Everything from the line with "A picturesque wooden" to the last line of the material below is what to reproduce, exactly and with no other lines.

──────

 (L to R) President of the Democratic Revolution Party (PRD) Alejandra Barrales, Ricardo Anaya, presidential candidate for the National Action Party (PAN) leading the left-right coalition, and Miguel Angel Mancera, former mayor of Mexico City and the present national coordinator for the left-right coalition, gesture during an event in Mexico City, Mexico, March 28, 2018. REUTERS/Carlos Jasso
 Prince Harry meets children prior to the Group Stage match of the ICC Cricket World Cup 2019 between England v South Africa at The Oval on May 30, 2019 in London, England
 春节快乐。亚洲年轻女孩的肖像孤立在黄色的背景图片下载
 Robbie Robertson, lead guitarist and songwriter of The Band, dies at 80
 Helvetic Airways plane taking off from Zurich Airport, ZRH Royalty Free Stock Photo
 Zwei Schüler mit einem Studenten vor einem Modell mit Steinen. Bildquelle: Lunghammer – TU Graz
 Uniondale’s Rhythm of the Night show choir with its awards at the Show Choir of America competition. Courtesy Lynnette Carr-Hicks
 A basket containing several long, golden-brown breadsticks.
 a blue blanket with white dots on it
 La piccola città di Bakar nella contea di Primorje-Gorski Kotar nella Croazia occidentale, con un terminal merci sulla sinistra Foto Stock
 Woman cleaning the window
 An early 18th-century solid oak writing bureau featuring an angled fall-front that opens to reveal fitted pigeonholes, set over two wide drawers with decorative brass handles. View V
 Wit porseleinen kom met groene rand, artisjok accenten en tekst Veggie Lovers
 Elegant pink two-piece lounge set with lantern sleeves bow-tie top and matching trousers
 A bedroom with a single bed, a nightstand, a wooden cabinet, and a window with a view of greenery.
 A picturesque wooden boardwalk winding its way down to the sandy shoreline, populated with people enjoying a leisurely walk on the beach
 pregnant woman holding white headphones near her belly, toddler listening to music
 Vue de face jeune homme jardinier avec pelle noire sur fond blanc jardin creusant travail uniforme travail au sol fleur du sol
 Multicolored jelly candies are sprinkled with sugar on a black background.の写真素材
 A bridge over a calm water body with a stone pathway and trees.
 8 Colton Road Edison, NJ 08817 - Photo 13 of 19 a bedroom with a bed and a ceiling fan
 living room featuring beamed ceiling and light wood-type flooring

──────

_SOLUTION TO THE EXERCISE_
 A picturesque wooden boardwalk winding its way down to the sandy shoreline, populated with people enjoying a leisurely walk on the beach
 pregnant woman holding white headphones near her belly, toddler listening to music
 Vue de face jeune homme jardinier avec pelle noire sur fond blanc jardin creusant travail uniforme travail au sol fleur du sol
 Multicolored jelly candies are sprinkled with sugar on a black background.の写真素材
 A bridge over a calm water body with a stone pathway and trees.
 8 Colton Road Edison, NJ 08817 - Photo 13 of 19 a bedroom with a bed and a ceiling fan
 living room featuring beamed ceiling and light wood-type flooring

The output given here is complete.